Caption-style text data:
-------------------------

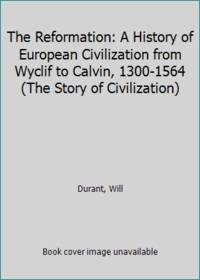 The Reformation: A History of European Civilization from Wyclif to Calvin, 1300-1564 (The Story of Civilization) by DURANT Will (North Adams 1885 - Los Angeles 1981) - 1957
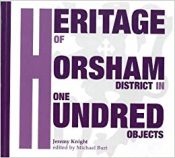 Heritage of Horsham District in 100 Objects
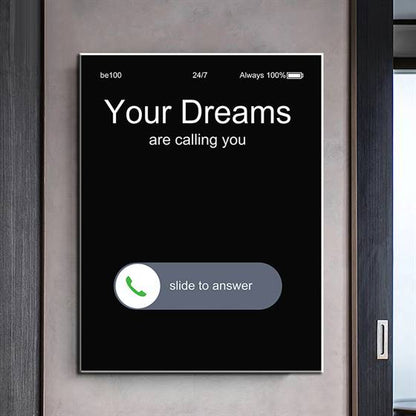 Your dreams are calling you canvas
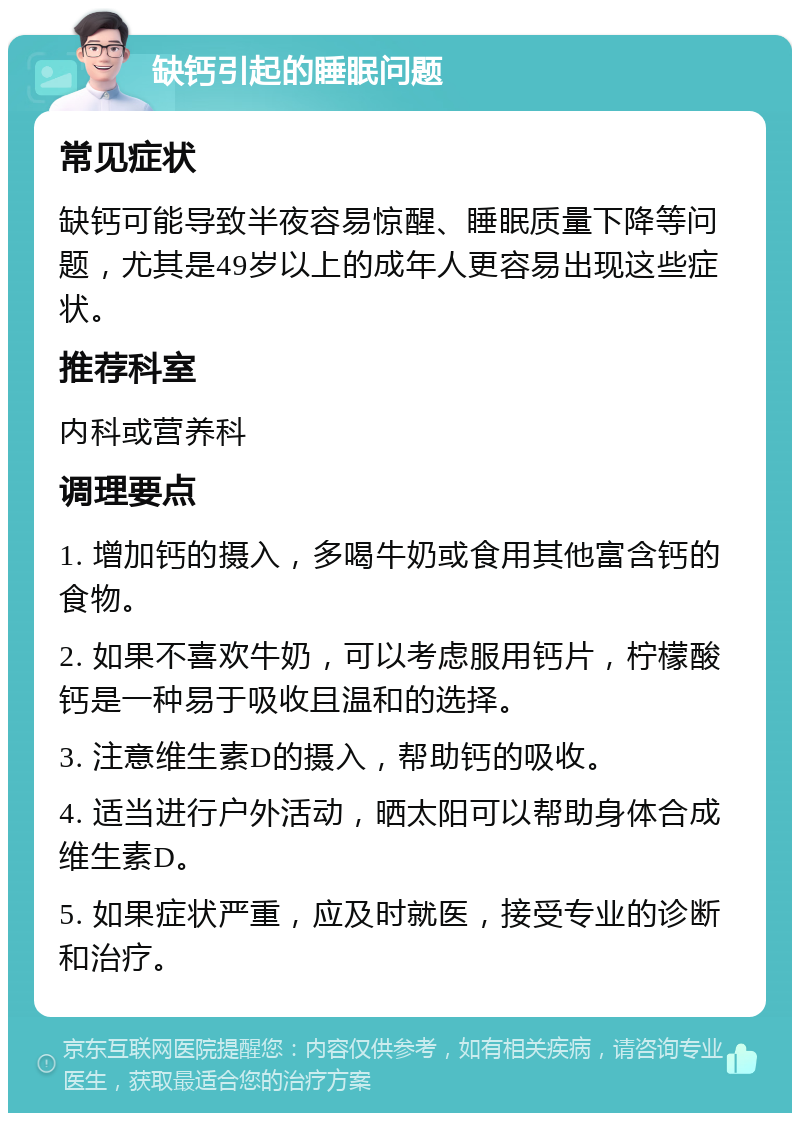 缺钙引起的睡眠问题 常见症状 缺钙可能导致半夜容易惊醒、睡眠质量下降等问题，尤其是49岁以上的成年人更容易出现这些症状。 推荐科室 内科或营养科 调理要点 1. 增加钙的摄入，多喝牛奶或食用其他富含钙的食物。 2. 如果不喜欢牛奶，可以考虑服用钙片，柠檬酸钙是一种易于吸收且温和的选择。 3. 注意维生素D的摄入，帮助钙的吸收。 4. 适当进行户外活动，晒太阳可以帮助身体合成维生素D。 5. 如果症状严重，应及时就医，接受专业的诊断和治疗。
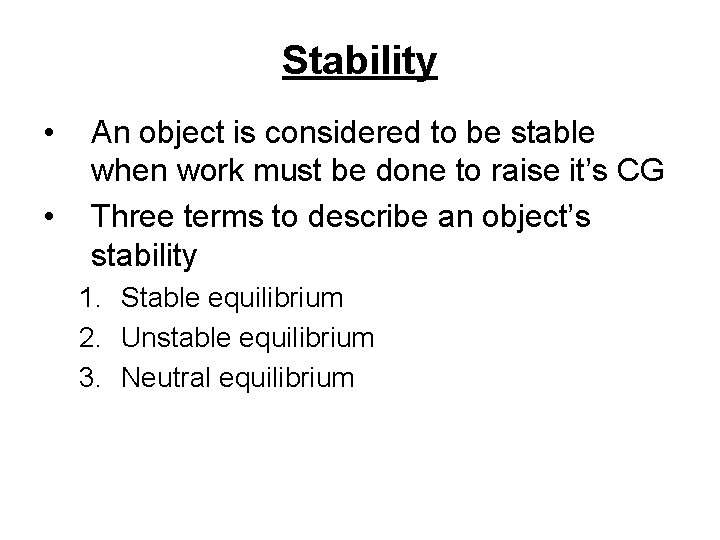 Stability • • An object is considered to be stable when work must be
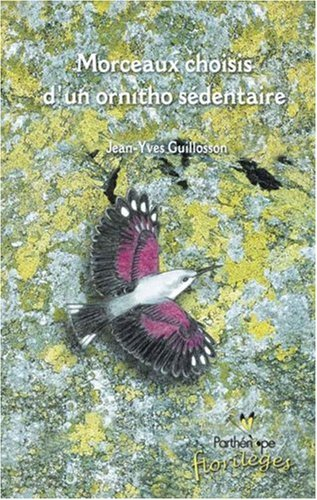 Morceaux choisis d'un ornitho sédentaire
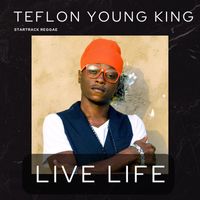 Teflon Young King - Live Life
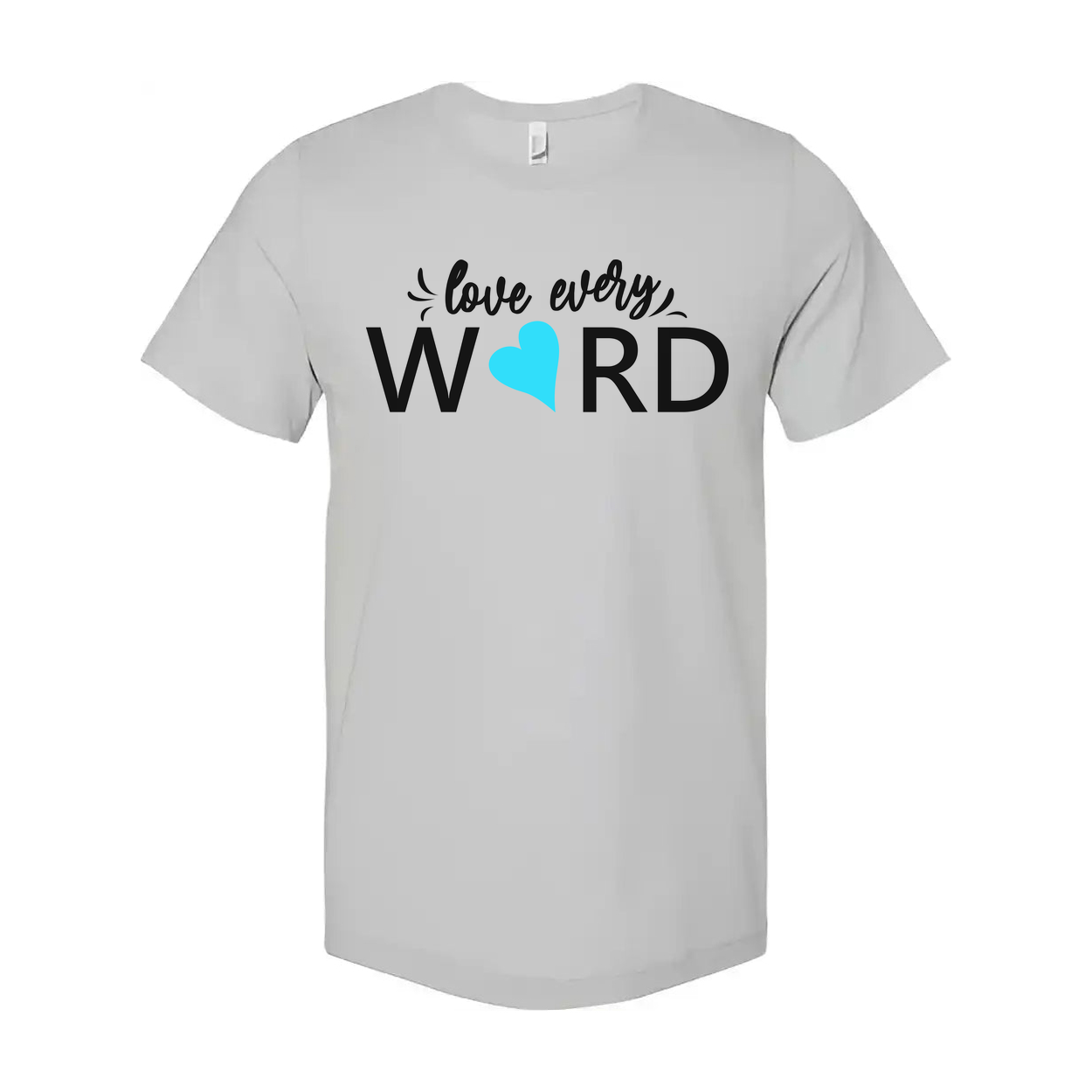 Love Every Word Christian Unisex T Shirt With Heart Accent Typography Design For Believers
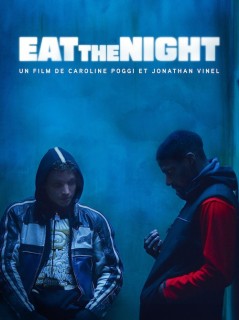 Voir Eat the night en streaming sur Filmo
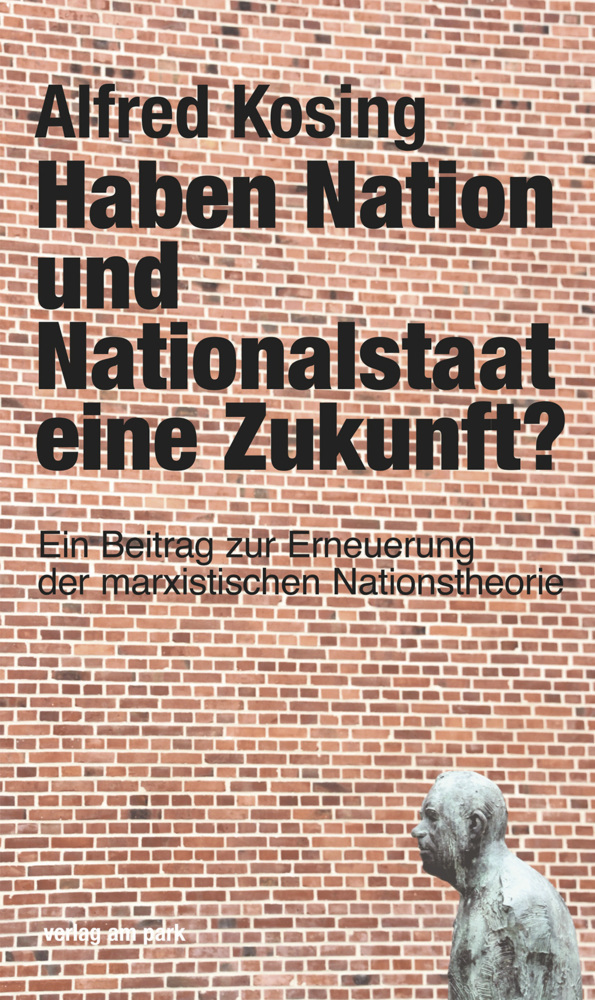 Cover: 9783947094486 | Haben Nation und Nationalstaat eine Zukunft? | Alfred Kosing | Buch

-------------------------

* _YOUR GOAL_
Please repeat each line above exactly as it appears, but omit the pictures.

* _ANSWER TO THIS TASK_
 The Reformation: A History of European Civilization from Wyclif to Calvin, 1300-1564 (The Story of Civilization) by DURANT Will (North Adams 1885 - Los Angeles 1981) - 1957
 Heritage of Horsham District in 100 Objects
 Your dreams are calling you canvas
 缺钙引起的睡眠问题 常见症状 缺钙可能导致半夜容易惊醒、睡眠质量下降等问题，尤其是49岁以上的成年人更容易出现这些症状。 推荐科室 内科或营养科 调理要点 1. 增加钙的摄入，多喝牛奶或食用其他富含钙的食物。 2. 如果不喜欢牛奶，可以考虑服用钙片，柠檬酸钙是一种易于吸收且温和的选择。 3. 注意维生素D的摄入，帮助钙的吸收。 4. 适当进行户外活动，晒太阳可以帮助身体合成维生素D。 5. 如果症状严重，应及时就医，接受专业的诊断和治疗。
 Stability • • An object is considered to be stable when work must be
 Morceaux choisis d'un ornitho sédentaire
 Teflon Young King - Live Life
 Love Every Word Christian Unisex T Shirt With Heart Accent Typography Design For Believers
 Voir Eat the night en streaming sur Filmo
 Cover: 9783947094486 | Haben Nation und Nationalstaat eine Zukunft? | Alfred Kosing | Buch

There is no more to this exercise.